▶ WORK TO BE COMPLETED
To complete this task, print all the data below exactly but leave out the images.
### SUPPLIED MATERIAL ###
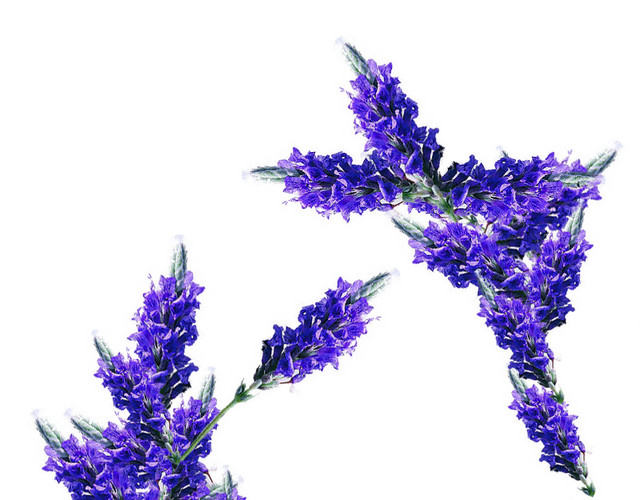 薰衣草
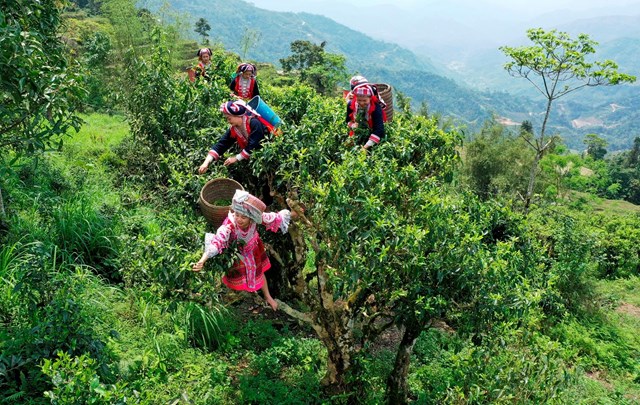 Tr&#224; Shan tuyết H&#224; Giang ng&#224;y c&#224;ng khẳng định uy t&#237;n v&#224; chất lượng - Ảnh 1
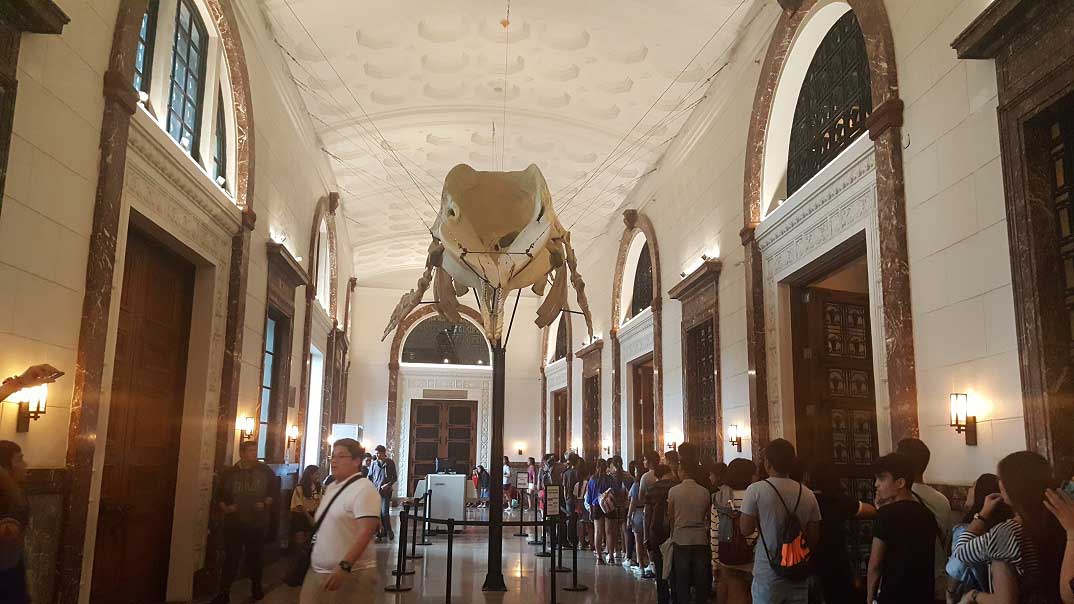 Wander the Halls of the National Museum of Natural History in Manila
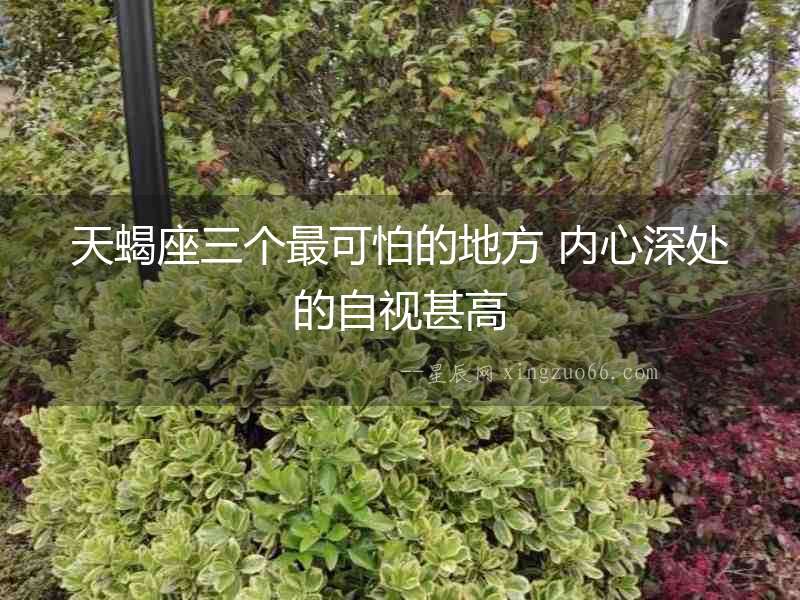 天蝎座三個最可怕的地方 內(nèi)心深處的自視甚高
###
▶ FINAL ANSWER
 薰衣草
 Tr&#224; Shan tuyết H&#224; Giang ng&#224;y c&#224;ng khẳng định uy t&#237;n v&#224; chất lượng - Ảnh 1
 Wander the Halls of the National Museum of Natural History in Manila
 天蝎座三個最可怕的地方 內(nèi)心深處的自視甚高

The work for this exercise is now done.